*** Supplied data ***

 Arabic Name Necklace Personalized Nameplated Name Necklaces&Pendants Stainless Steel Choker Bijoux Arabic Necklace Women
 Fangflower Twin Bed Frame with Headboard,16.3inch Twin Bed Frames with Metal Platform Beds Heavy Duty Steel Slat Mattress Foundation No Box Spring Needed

*** End of Supplied data ***
*** Supplied data ***

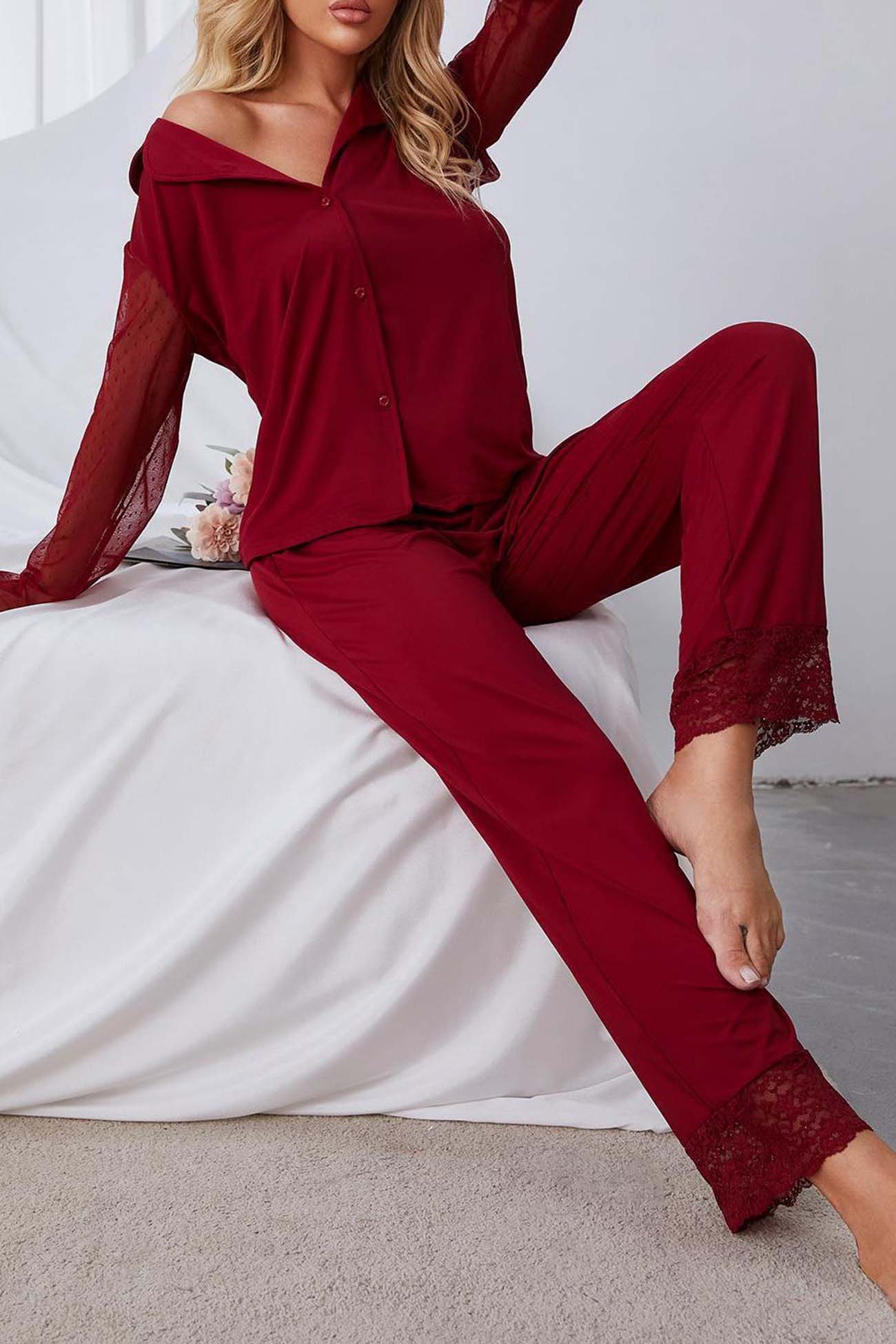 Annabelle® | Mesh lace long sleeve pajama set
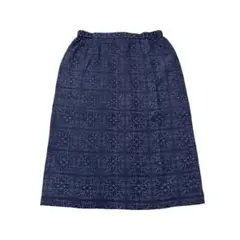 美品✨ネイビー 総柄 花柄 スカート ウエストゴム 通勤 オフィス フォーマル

*** End of Supplied data ***
*** Supplied data ***

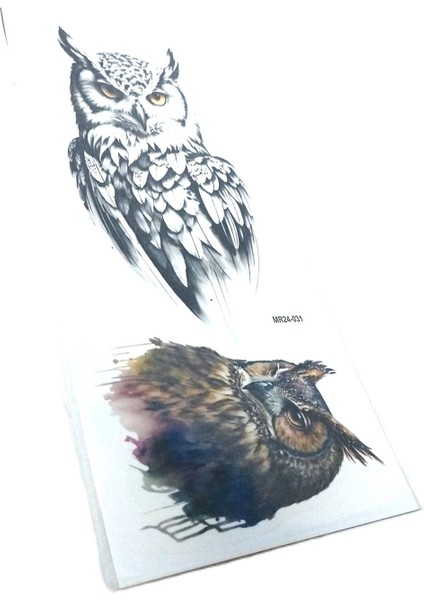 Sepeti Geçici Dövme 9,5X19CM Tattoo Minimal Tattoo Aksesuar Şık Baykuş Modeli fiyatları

*** End of Supplied data ***

• **What is required**
Each line in the entries above, starting at the line with "Arabic Name Necklace" and ending at the line with "Fangflower Twin Bed", is to be printed exactly, and only those lines.

• **Task output**
 Arabic Name Necklace Personalized Nameplated Name Necklaces&Pendants Stainless Steel Choker Bijoux Arabic Necklace Women
 Fangflower Twin Bed Frame with Headboard,16.3inch Twin Bed Frames with Metal Platform Beds Heavy Duty Steel Slat Mattress Foundation No Box Spring Needed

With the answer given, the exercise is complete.